Following the Underground Railroad

Alexander Gent

In commemoration of Black History Month (BHM), Lewis and Clark Community College once again invited students, faculty, and the local community to take part in the annual “Underground Railroad Tour” on Valentine’s day  last month. Provided with comfortable transportation via a coach-style bus, attendants traveled around the Godfrey-Alton area, visiting historical locations connected to the “Underground Railroad” while tour-guide Eric Robinson described the Riverbend community as it existed around the time of the American-Civil War.

Robinson longingly announced that this year the tour happened to coincide with the birthday of Frederick Douglas, described the evolution of Black History Month from the former “Negro History Week” and emphasized its importance before getting the tour underway.

“I shall preview material from my book , which I am working on with University of Illinois Press,” said Robinson, an avid preserver of African-American History, and long time tour-guide for this event. “It follows an escaped slave, Gertrude Barlabie of St. Louis, through Alton to Brighton.

Leaving campus, on a much warmer than average winter afternoon, the bus traveled the route that Barlabie most likely traveled along the way to freedom. Born in Kentucky, the summer of 1853, she was separated from her family, as most slaves were at the time, and she eventually made her way to New Orleans before ending up in St. Louis.

Robinson described the college which was known then as Monticello Seminary (an all girl school), and the landscape around the campus, which was mainly wide open rural country land. Susan Van Arnsfield was employed there as a teacher during this time and would eventually help Barlabie along the way in her travels.

Stopping near Alton’s City Hall to admire the view of the Mississippi River from atop of the hill on Third Street,  Robinson informed the crowd that steam boats and railways dominated the transportation industry in this area during Barlabie’s time. With the Arch and high rise buildings visible on the horizon that clear sunny day, Robinson explained it would only take about an hour to reach Alton from the St. Louis riverfront via steamboat.

The trip included stops at a few of the Lucas Pfeiffenberger designed buildings (the McPike Mansion is perhaps his most famous) such as the Koenig house and the Union Street Baptist Church. Union Street Baptist Church (ca.1908) is said to be the oldest African-American congregation west of the Alleghenies.

The tour concluded with a visit to the Lovejoy monument. Tourists were invited to exit the bus and pay their respects while hearing the story of one of Alton’s most prominent and revered African-Americans, at his grave site.

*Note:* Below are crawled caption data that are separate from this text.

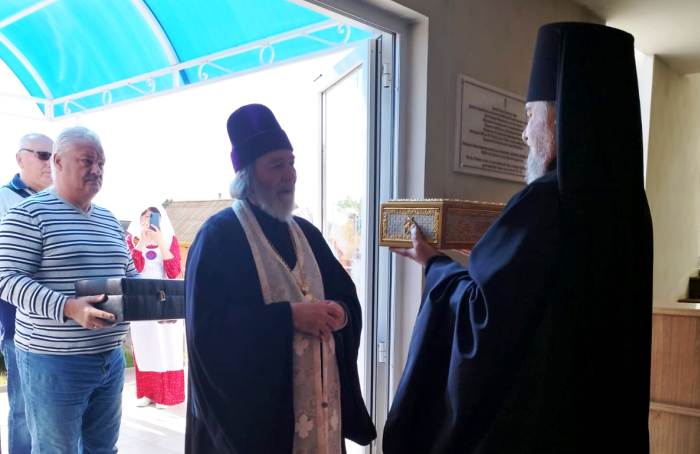 На севере Астраханской области передали в дар Ахтубинской епархии две святыни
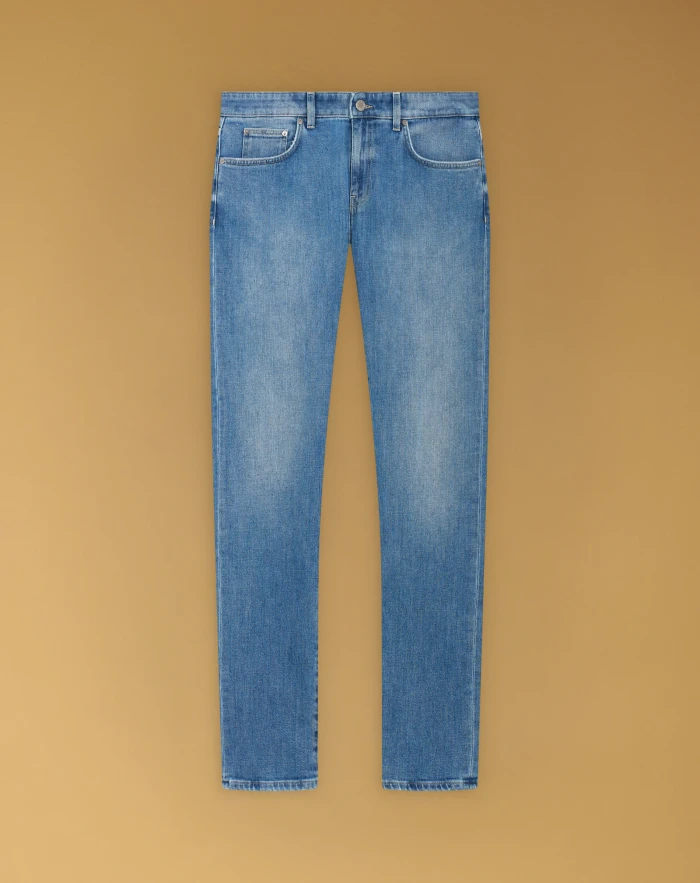 Swing jeans in loose denim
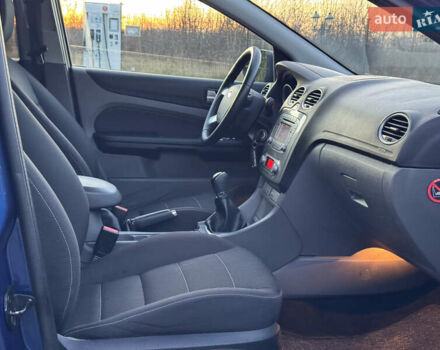 Синій Форд Фокус, об'ємом двигуна 1.6 л та пробігом 197 тис. км за 5999 $, фото 75 на Automoto.ua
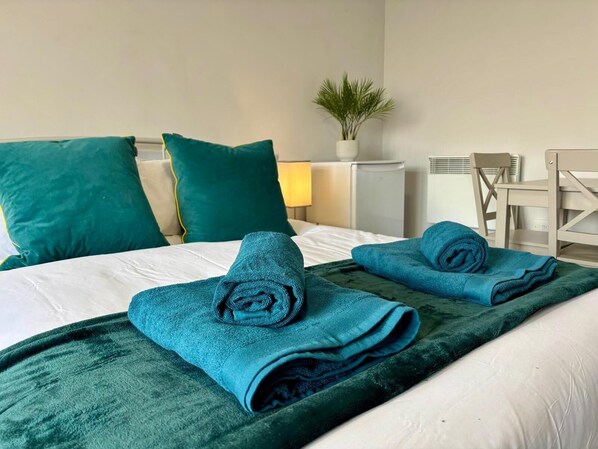 1 bedroom, iron/ironing board, free WiFi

Elijah P Lovejoy was avid printer of abolitionist literature who was murdered by anti-abolitionists after a series of protests broke out into violent riots. The first of these riots resulted in the destruction and loss of his printing press.

He refused to quit, obtaining another printing press. This incited more riots which eventually led to the loss of his life.

Robinson answered questions for tourists, corroborated “rumors” about Lovejoy’s story as facts, and explained the history of the cemetery, while noting some Alton’s most prominent residents taking their final rest on those grounds.

“This event is quite an important part of Black History Month here on this campus, as the campus itself is part of that history” said Jared Hennings, program coordinator for student activities. “This is one of my favorite events because it draws significant support from the community, and those who attend comment how much they really appreciate that the college offers this tour during BHM.”

The college has hosted this event for nearly a decade and it grows in importance with each passing year yielding the loss of those who remember the facts of these stories.  As unflattering as the Lovejoy story may sound for Altonians, its preservation is nonetheless important because, as history shows, those who forget the past are sometimes doomed to repeat it.